For this meal, I had removed some steaks from the freezer, but could not
bring myself to stand outside in the heat and grill, and pan fried
steaks are well, just okay, and then I remembered this steak casserole
recipe from another time I made it, sans the veggies. It's from one of
my many cookbooks called Cooking with Cajun Women, by Nicole Fontenot of
Lake Charles, Louisiana. The author did not specify the type of steak,
but you'll definitely want to use a braising steak for this recipe.





Meal-in-One Cajun Steak Casserole





1-1/2 to 2 pounds of braising steak (see below)

Generous sprinkling of seasoned salt (like Lawry's)

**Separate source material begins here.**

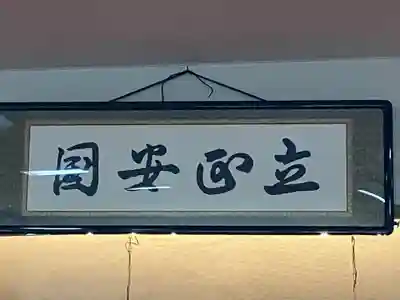 妙宣寺(北海道)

Fresh cracked black pepper

Light sprinkle of Cajun seasoning (like Slap Ya Mama)

Sprinkle of paprika

Couple dashes of Worcestershire sauce

Enough All Purpose Sauce (like Country Bob's) to generously coat the steaks

2 tablespoons of cold butter

2-3 potatoes, unpeeled, scrubbed and sliced

1 onion, chopped

2-3 carrots, cut into chunks

1/2 of a green bell pepper, sliced

1/2 cup of beef stock or broth





Preheat oven to 350 degrees. Season the steaks on both sides with the
seasoned salt, black pepper, Cajun seasoning, and paprika; place into a
13 x 9 inch baking dish. Sprinkle a couple of dashes of Worcestershire
sauce on top of each steak and coat each with Country Bob's sauce. Cut
the butter into very thin slices and scatter across the steaks. In
layers, add the potatoes, then onion, carrots and bell pepper. Pour
stock around steaks, cover with foil and bake for 1 to 1-1/2 hours, or
until tender. Use a wide spatula to remove veggies from the top and set
on one side of a platter. Remove steak to the other side. Serve with a
side salad, if desired.



Cook's Notes




Country Bob's All Purpose Sauce contains tomato concentrate, vinegar,
sugar, molasses, onion, garlic tamarind and other seasonings.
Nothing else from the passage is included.